Marta’s name means servant, a fitting rubric for this stately paragon of service learning. She had fled her country in 1977 during communist uprisings after serving as the first woman in the Ethiopian Parliament. Emperor Halie Selassie had commissioned her as a senator to look into government corruption. None of this was shared from the stage—the undertone was clear, “It’s not about me. It’s not about us. It’s about them—the innocent millions of Ethopians hanging in the balances with little to tip the scale.” She cut quickly to her flight from her royal confines, and their long journey since to provide relief for orphaned children.

My mind has trapped forever her tender yet terse depiction of Ethiopia—“Dying mothers with babies sucking their dried breasts.” A church in Ft. Wayne, Indiana helped her in her darkest hour of need and she’s remained appreciative since—all the while joined by her husband in founding Project Mercy. Beyond the physical relief they’ve helped to usher into rural Ethiopia, Project Mercy has also sent many teams of middle school graduates from its programs to teach older and often disenfranchised neighbors to read. Every day for Marta and Deme is lived intentionally and intensely for a cause much greater than themselves (http://www.casefoundation.org/leaders/marta_deme/qa).

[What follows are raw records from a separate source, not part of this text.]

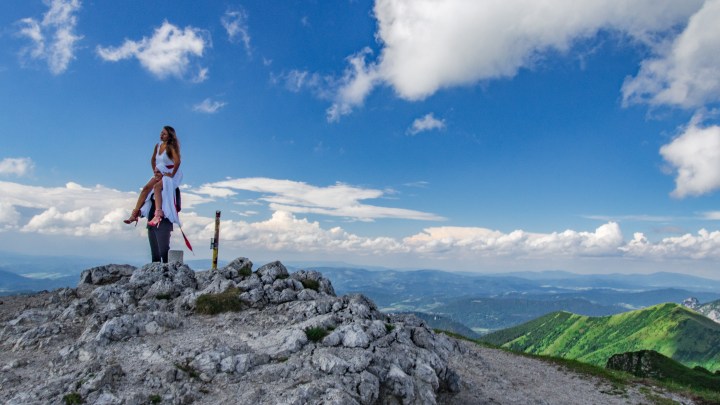 Chleb Mała Fatra lato szlak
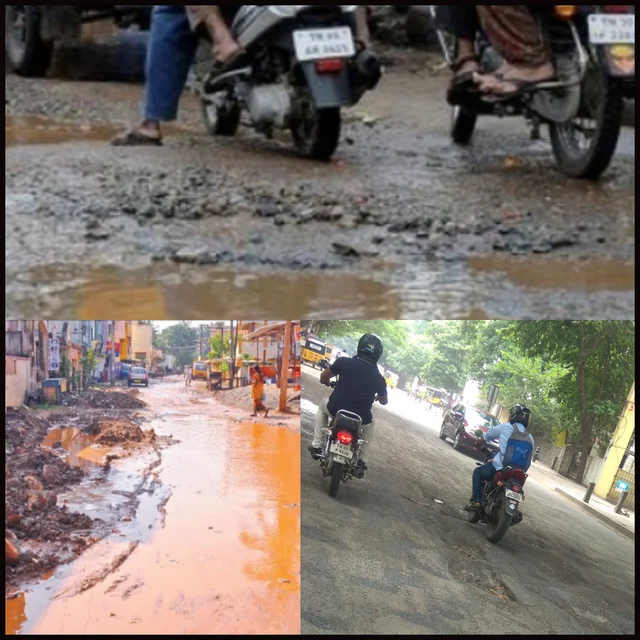 Damaged Road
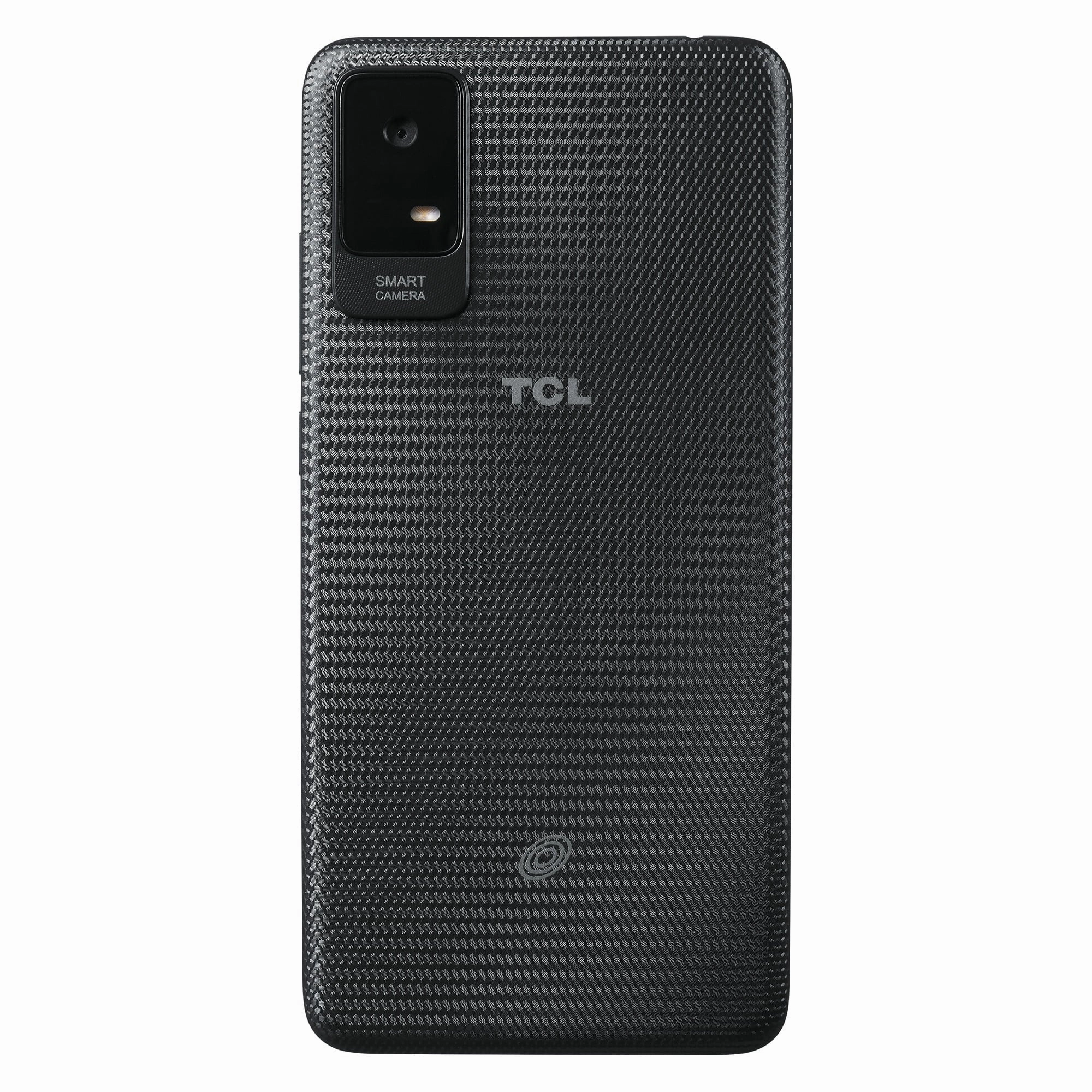 TCL STALT607DGP7P ION V 6'' 4G LTE 3GB RAM 32GB ROM 2 GHz Processor Speed Straight Talk Prepaid Smartphone, Black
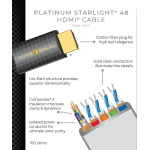 HDMI kábel Wireworld Platinum Starlight 48 HDMI 8K (PSH48)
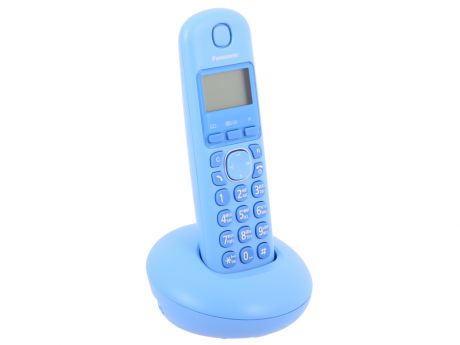 Телефон DECT Panasonic KX-TGB210RUF АОН, Caller ID 50, Эко-режим, Память 50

After the meeting I went straight to the elevator, teary-eyed and hopelessly sappy and looking inebriated at 10:00 am. And of all people, I shared it serendipitously with Jay Hein. I only went a couple of floors, then blocked the door before exiting, looked at Jay through wet eyes and a soft heart. “That was a remarkable session, Sir. Simply remarkable. It moved me and I thank you deeply.” In his patented kindness that would melt even the faintest trace of indifference, he thanked me. The door shut, but not soon eclipsing the smile of man making a difference.

I walked around the corner and down an unfamiliar hallway. Once again, wearing the same blue blazer and an ID badge. And, wouldn’t you know it? I was on the wrong floor. But like my time at the White House I was far from inwardly lost but again had found myself—an inner reserve to dedicate my gifts to noble causes, to give first-rate energies to first-rate causes. And, to continue to remind leaders that the dream needs to stronger than the struggle—and millions of children, whether in New Mexico schools or Ethiopian fields aren’t dreaming, but by feeding their minds and bodies, they can. And oh my new friends, oh the power of such dreams.

It’s little wonder that good governors strongly endorse the Office of Faith-Based and Community Initiatives, whether Democrats like the endearing Bill Richardson or Republicans like the indefatigable Mitch Daniels. They haven’t forgotten that “we belong to each other.”

What are you thinking? What are some of the noble causes that you think worthy of your life's best efforts? Any persons come to mind that are making a huge difference for such causes?